Toronto doesn't suck, not as long as my sister still lives there, the Leafs still play there, and The 12th Fret still operates there.

Peace, Mooh.


----------



## Diablo (Dec 20, 2007)

Mooh said:


> Toronto doesn't suck, not as long as my sister still lives there, the Leafs still play there, and The 12th Fret still operates there.
> 
> Peace, Mooh.


The Leafs are synonymous with sucking, so you're hurting your own argument!


----------



## mhammer (Nov 30, 2007)

Diablo said:


> I think Torontos problem is that it has exceeded expectations in spite of itself.
> it was never meant to be Canada's biggest city (that was supposed to be Montreal), so it's infrastructure was never planned to support huge, growing populations, and at this point everythi has been built on top of each other so it's impossible to future plan any initiatives. Public transit sucks there and yet, that's the fall back when the traffic problems are discussed.
> each government can't admit they don't know what to do about it, and resorts to short term band aid fixes.
> 
> ...


A sensible post. Toronto is a fine city. It is. however, too big and sprawling for its own good. I used to joke that if I ran for federal office, my slogan would be "ABT: anywhere but Toronto". If you wanted to start a new business, I'd try and make it worth your while to do so anywhere but Toronto. If you wanted to emigrate to Canada, I'd come up with incentives for you to move anywhere but Toronto. None of that was intended to be a jab at the city or people. Rather, they deserve to catch their breath and grow at a more manageable pace, whilst allowing the many other smaller municipalities in Canada an opportunity to grow a little and develop more sustainable local economies.

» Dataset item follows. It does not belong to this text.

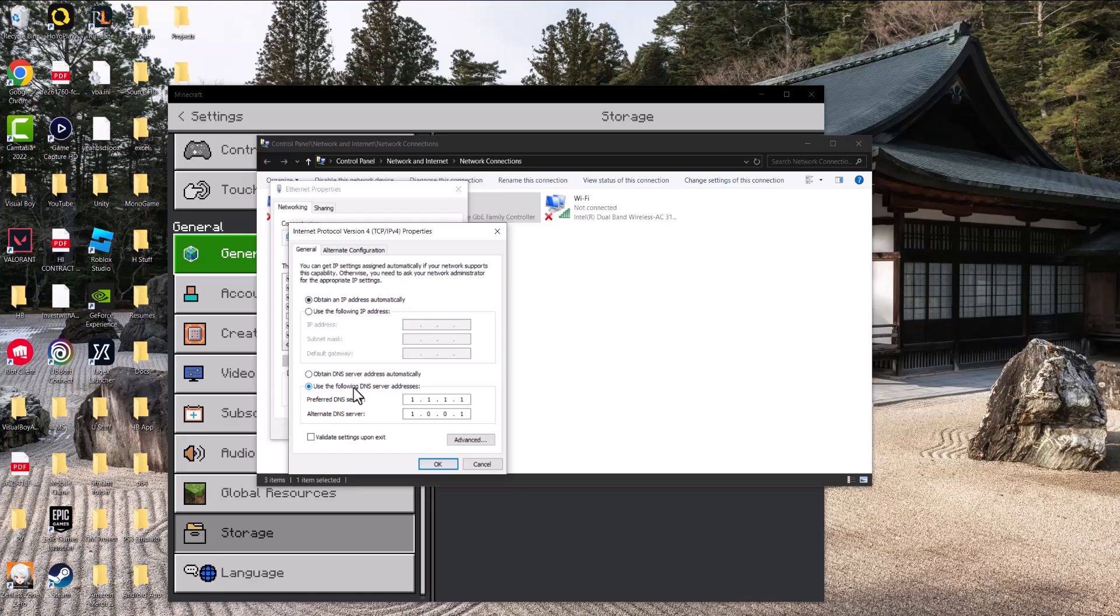Change it to what I have: 1.1.1.1 and alternate to 1.0.0.1. Press OK, let it run its course, turn the game off, turn it back on, and you should be good to go. You should not be having these errors persist any longer.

If you're one of those who have the luxury of being a pedestrian most of the time, and live in one of the older neighbourhoods, it's great. There is no end of terrific walking neighbourhoods, full of local merchants, nifty buildings, and great eateries. Much like Montreal, you can just walk and walk and walk, and not notice you've covered a few miles, because there is always something to capture your attention. If you're visiting from out of town, and have to rely on a car to get everywhere you need to be, it is the very definition of hell.

So is it the drivers that suck? No. I'm sure the drivers would be entirely affable people somewhere else. But the distances they have to drive, and the misery they have to put up with daily, makes them ill-tempered, inconsiderate, ruthless, and generally unpleasant to be around. I credit that to the size of the city, and its rate of growth, and as always, the needless amalgamation that was forced on them by you-know-who.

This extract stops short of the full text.